GOAL OF THE EXERCISE: Word for word, restate each entry that appears below.

SOURCE MATERIAL:
****************************************
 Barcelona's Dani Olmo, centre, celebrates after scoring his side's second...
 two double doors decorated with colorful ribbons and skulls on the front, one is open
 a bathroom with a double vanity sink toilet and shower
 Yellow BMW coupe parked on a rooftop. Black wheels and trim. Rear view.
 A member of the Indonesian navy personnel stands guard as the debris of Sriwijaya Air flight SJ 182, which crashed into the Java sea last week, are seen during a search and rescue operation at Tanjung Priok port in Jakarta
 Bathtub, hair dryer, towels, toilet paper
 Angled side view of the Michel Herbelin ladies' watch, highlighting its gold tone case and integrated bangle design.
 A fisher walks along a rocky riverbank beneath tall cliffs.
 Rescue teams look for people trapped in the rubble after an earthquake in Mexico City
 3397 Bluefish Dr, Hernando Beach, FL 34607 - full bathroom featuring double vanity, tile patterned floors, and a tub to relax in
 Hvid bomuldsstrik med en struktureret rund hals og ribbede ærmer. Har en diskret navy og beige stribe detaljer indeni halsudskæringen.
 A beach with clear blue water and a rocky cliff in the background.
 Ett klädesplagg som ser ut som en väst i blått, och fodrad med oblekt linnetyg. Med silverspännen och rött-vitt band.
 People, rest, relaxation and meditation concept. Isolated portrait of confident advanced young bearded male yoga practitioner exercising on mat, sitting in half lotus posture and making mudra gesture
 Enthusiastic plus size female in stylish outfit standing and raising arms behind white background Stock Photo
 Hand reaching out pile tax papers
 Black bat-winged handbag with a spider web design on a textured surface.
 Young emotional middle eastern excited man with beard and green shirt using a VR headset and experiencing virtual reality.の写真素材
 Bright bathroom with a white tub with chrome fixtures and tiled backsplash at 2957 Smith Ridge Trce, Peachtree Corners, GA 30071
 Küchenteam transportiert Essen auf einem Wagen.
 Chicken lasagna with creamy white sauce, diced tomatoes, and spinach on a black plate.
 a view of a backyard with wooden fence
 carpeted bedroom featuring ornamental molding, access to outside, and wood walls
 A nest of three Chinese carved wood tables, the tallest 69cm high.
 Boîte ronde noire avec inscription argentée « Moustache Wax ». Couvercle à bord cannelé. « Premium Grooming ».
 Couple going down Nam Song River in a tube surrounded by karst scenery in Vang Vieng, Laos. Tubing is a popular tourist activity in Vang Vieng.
****************************************
RESPONSE TO THE TASK:
 Barcelona's Dani Olmo, centre, celebrates after scoring his side's second...
 two double doors decorated with colorful ribbons and skulls on the front, one is open
 a bathroom with a double vanity sink toilet and shower
 Yellow BMW coupe parked on a rooftop. Black wheels and trim. Rear view.
 A member of the Indonesian navy personnel stands guard as the debris of Sriwijaya Air flight SJ 182, which crashed into the Java sea last week, are seen during a search and rescue operation at Tanjung Priok port in Jakarta
 Bathtub, hair dryer, towels, toilet paper
 Angled side view of the Michel Herbelin ladies' watch, highlighting its gold tone case and integrated bangle design.
 A fisher walks along a rocky riverbank beneath tall cliffs.
 Rescue teams look for people trapped in the rubble after an earthquake in Mexico City
 3397 Bluefish Dr, Hernando Beach, FL 34607 - full bathroom featuring double vanity, tile patterned floors, and a tub to relax in
 Hvid bomuldsstrik med en struktureret rund hals og ribbede ærmer. Har en diskret navy og beige stribe detaljer indeni halsudskæringen.
 A beach with clear blue water and a rocky cliff in the background.
 Ett klädesplagg som ser ut som en väst i blått, och fodrad med oblekt linnetyg. Med silverspännen och rött-vitt band.
 People, rest, relaxation and meditation concept. Isolated portrait of confident advanced young bearded male yoga practitioner exercising on mat, sitting in half lotus posture and making mudra gesture
 Enthusiastic plus size female in stylish outfit standing and raising arms behind white background Stock Photo
 Hand reaching out pile tax papers
 Black bat-winged handbag with a spider web design on a textured surface.
 Young emotional middle eastern excited man with beard and green shirt using a VR headset and experiencing virtual reality.の写真素材
 Bright bathroom with a white tub with chrome fixtures and tiled backsplash at 2957 Smith Ridge Trce, Peachtree Corners, GA 30071
 Küchenteam transportiert Essen auf einem Wagen.
 Chicken lasagna with creamy white sauce, diced tomatoes, and spinach on a black plate.
 a view of a backyard with wooden fence
 carpeted bedroom featuring ornamental molding, access to outside, and wood walls
 A nest of three Chinese carved wood tables, the tallest 69cm high.
 Boîte ronde noire avec inscription argentée « Moustache Wax ». Couvercle à bord cannelé. « Premium Grooming ».
 Couple going down Nam Song River in a tube surrounded by karst scenery in Vang Vieng, Laos. Tubing is a popular tourist activity in Vang Vieng.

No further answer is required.